■ Assigned task:
Every line of the records must be repeated exactly; pictures stay out.

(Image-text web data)

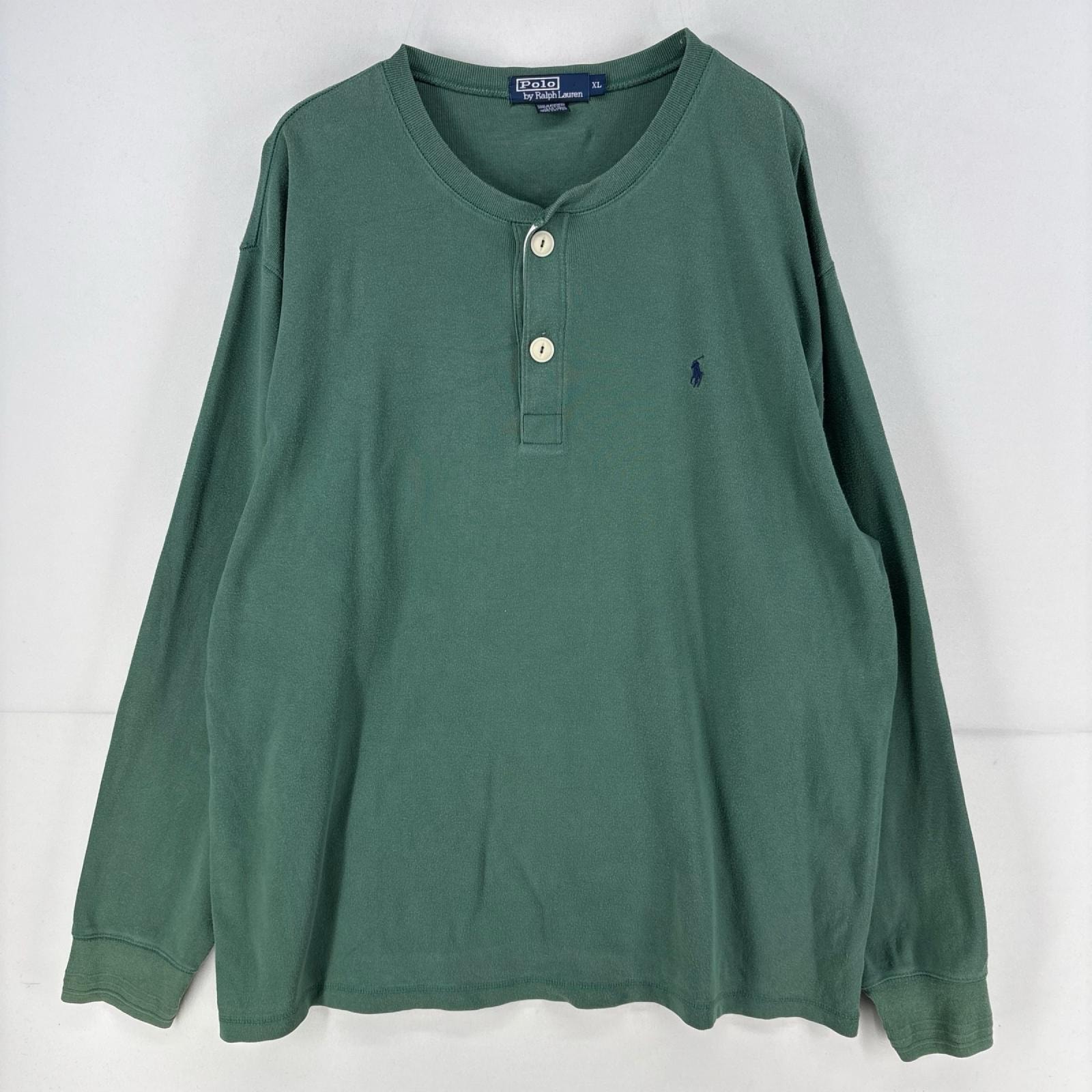 古着 ポロ・ラルフローレン POLO RALPH LAUREN 長袖Tシャツ 刺繍 ヘンリーネック 大きいサイズ ワンポイント XL  グリーン系 無地 メンズ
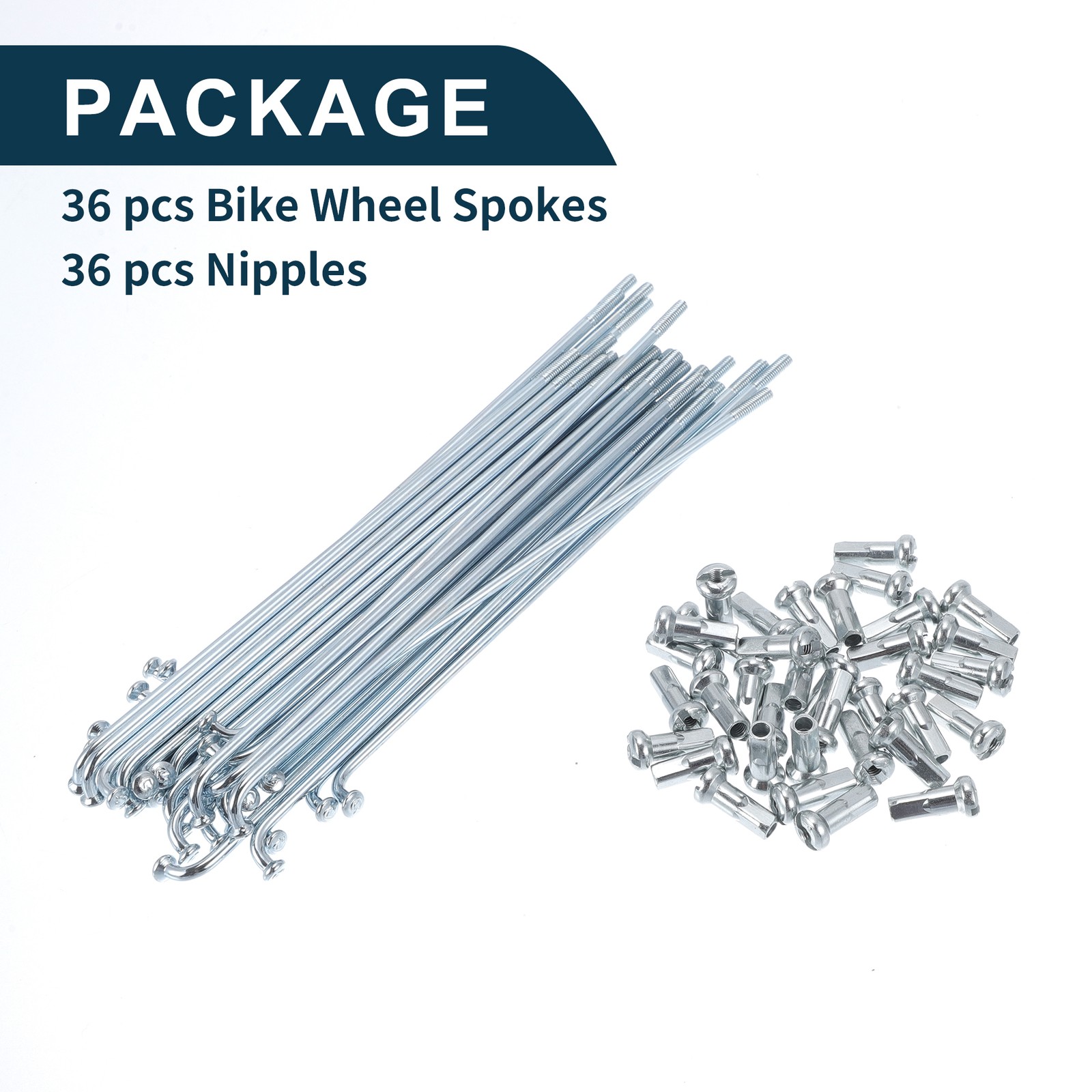 1 Set 13G 114mm Length Bicycle Spokes Nipple 45 Steel Galvanized Universal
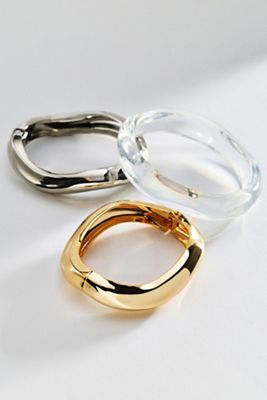 Wavy Bangle Bracelets, Set of 3
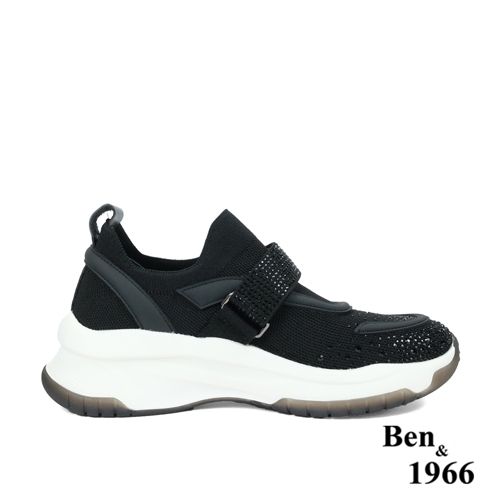 Ben&1966流行燙鑽飛織布厚底休閒鞋-黑(236211)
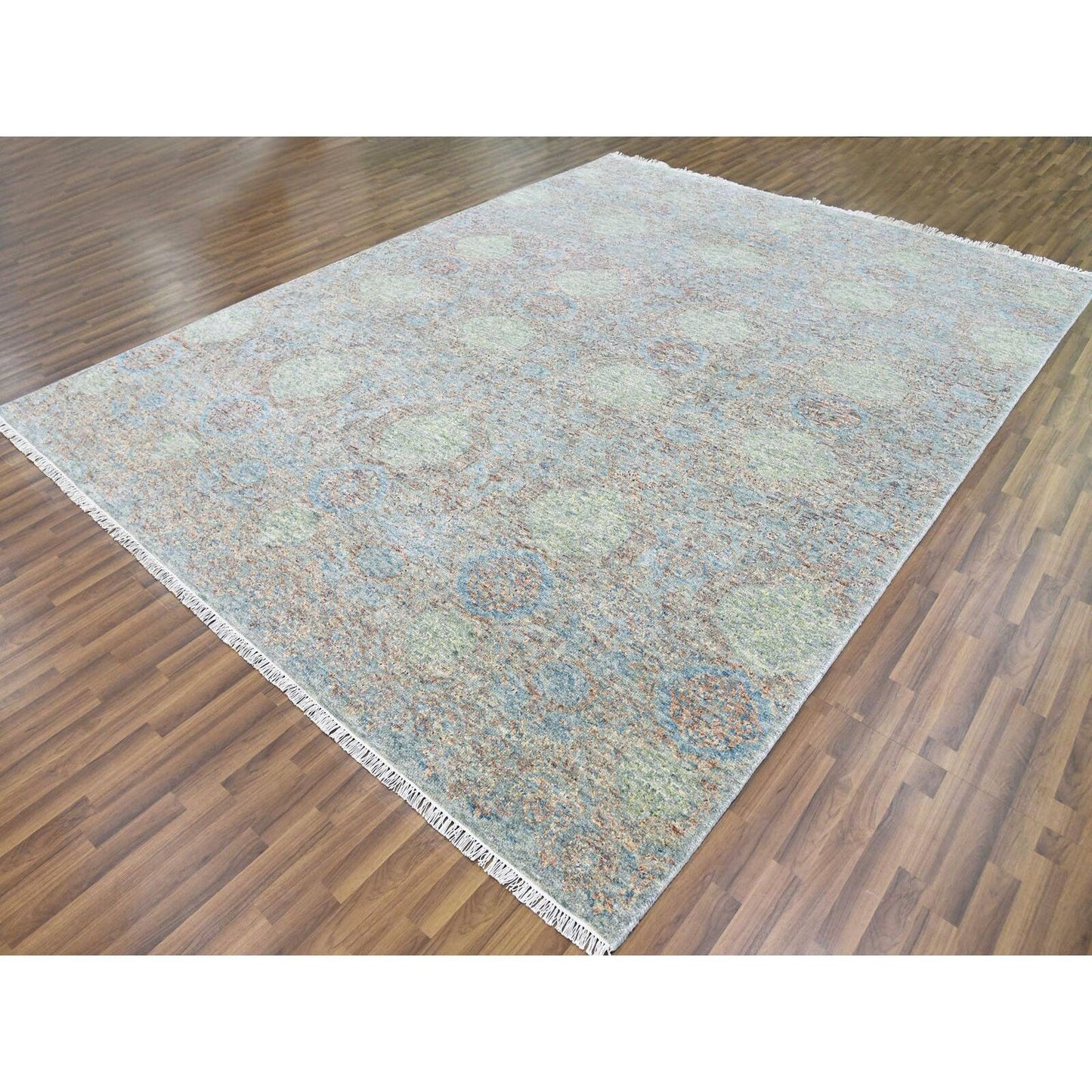 9'2"X12' Natural Dyes,Obscured And Subtle Hand Knotted Oriental Rug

■ Output below:
 古着 ポロ・ラルフローレン POLO RALPH LAUREN 長袖Tシャツ 刺繍 ヘンリーネック 大きいサイズ ワンポイント XL  グリーン系 無地 メンズ
 1 Set 13G 114mm Length Bicycle Spokes Nipple 45 Steel Galvanized Universal
 Wavy Bangle Bracelets, Set of 3
 Ben&1966流行燙鑽飛織布厚底休閒鞋-黑(236211)
 9'2"X12' Natural Dyes,Obscured And Subtle Hand Knotted Oriental Rug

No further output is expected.